Overview
This assignment is a first draft of your blog post write-up. You will replicate the core analysis from your team’s chosen study, pair each code block with clear written explanations, and critically evaluate the study’s causal identification strategy.
Due Date: Friday, March 6th — submitted as a PDF via Gradescope.
Data Requirement: This assignment requires that your team has access to the study data before you begin.
Submission
One submission per group — all team members add themselves to the same Gradescope submission. Code and write-up are fully collaborative.
Assignment Structure & Requirements
1. Data Description
After the code block(s) that read in and clean the data, add some notes covering:
- What does each row represent? What is the unit of observation?
- What are the key outcome, treatment, and control variables?
- Any notable data cleaning decisions (dropped observations, constructed variables, etc.)

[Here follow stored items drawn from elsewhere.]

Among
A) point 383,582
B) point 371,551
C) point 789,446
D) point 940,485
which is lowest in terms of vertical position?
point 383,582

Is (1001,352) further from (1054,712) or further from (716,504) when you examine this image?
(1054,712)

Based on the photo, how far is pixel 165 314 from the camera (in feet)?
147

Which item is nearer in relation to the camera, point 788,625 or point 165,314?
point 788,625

- Sample size, time period, and geographic scope
Use your best judgment on depth — give readers enough context to understand what is important and relevant to your analyses.
2. Annotated Replication
After each subsequent code block, add some notes covering:
- What does the code accomplish? (summary of the procedure or model)
- What is the causal identification approach? (e.g., DiD, RDD, IV, matching)

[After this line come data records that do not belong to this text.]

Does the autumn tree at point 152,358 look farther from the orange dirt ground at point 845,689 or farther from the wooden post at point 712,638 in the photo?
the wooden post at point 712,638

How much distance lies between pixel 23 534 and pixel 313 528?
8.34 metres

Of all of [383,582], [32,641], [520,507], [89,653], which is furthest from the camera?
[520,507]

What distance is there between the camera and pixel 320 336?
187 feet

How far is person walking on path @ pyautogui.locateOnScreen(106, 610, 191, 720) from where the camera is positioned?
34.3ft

- What assumptions must hold for the estimates to be causally valid?
- Are there any signs in the output that those assumptions are or are not satisfied?

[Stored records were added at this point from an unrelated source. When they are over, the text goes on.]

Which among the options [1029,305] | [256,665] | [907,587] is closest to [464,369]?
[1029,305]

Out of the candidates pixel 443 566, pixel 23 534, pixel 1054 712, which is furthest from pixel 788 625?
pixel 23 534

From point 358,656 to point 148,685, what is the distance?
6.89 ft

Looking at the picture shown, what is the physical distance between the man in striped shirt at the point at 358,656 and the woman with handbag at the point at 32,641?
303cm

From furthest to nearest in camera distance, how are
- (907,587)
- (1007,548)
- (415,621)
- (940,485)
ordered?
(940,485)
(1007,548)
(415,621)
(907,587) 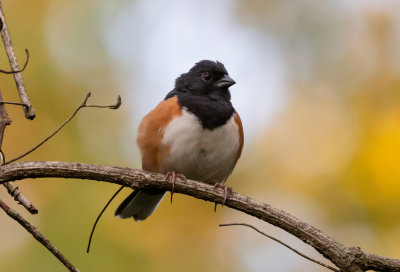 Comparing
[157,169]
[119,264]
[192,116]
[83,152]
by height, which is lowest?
[119,264]

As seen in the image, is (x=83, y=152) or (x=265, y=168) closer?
(x=83, y=152)

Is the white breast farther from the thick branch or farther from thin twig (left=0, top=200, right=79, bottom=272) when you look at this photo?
thin twig (left=0, top=200, right=79, bottom=272)

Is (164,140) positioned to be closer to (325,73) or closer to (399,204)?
(399,204)

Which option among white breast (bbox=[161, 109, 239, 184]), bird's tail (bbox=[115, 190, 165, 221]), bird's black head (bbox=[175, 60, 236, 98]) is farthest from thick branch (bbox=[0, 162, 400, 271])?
bird's black head (bbox=[175, 60, 236, 98])

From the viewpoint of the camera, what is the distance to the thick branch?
93.7 inches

If code is already available and/or estimation is simple think of ways the coding script could be made more accessible for communication purposes (tidyness/readability) and think of ways to creatively evaluate assumptions and visualize violations of assumptions or limitations.
3. Critical Evaluation
Somewhere in the write-up (or as a closing section), address each of the following:
- Causal identification: Is the identification strategy credible? What would have to be true for the estimates to be causal?
- Statistical assumptions: Are key assumptions (parallel trends, exclusion restriction, etc.) tested or defended? Do you find the evidence convincing?
- Sampling & external validity: Who is in the sample? To whom can results be generalized?
- Measurement: Are the outcome and treatment variables measured accurately and without systematic bias?
- Other limitations: Anything else that affects how much weight you would put on the study’s conclusions?
Rubric
This is a rough draft — write-ups can be bullet points or notes rather than polished paragraphs. The primary focus is on successfully replicating the study’s analysis via code.
| Category | Points | What We’re Looking For |
|---|---|---|
| Code Replication | 30 | Study analysis is replicated; code runs and produces results that match (or reasonably approximate) the study’s findings |
| Data Description | 15 | Key variables, unit of observation, and any important cleaning decisions are noted (bullets fine) |
| Code Annotation | 20 | Each code block has some accompanying notes explaining what it does and the basic identification approach |
| Critical Evaluation | 30 | Thoughtful reflection on identification assumptions, limitations, or data caveats (can be notes, but should completely answer all critical evaluation questions) |
| Completeness | 5 | All sections present, .qmd renders cleanly |
| Total | 100 |
Note for teams with simple or author-provided identification code: Your grade will weight the quality of the write-up and the thoroughness of the critical evaluation more heavily than the complexity of the code replication.
Tips for a Strong Submission
- Explain, don’t just describe. Don’t just say “this code runs a regression” — explain why that regression answers the causal question.
- Be specific about assumptions. Name the assumption (e.g., “parallel pre-trends”), explain what it means in this context, and point to evidence for or against it.
- Write for a general audience. Imagine your reader has taken intro stats but has not read the paper.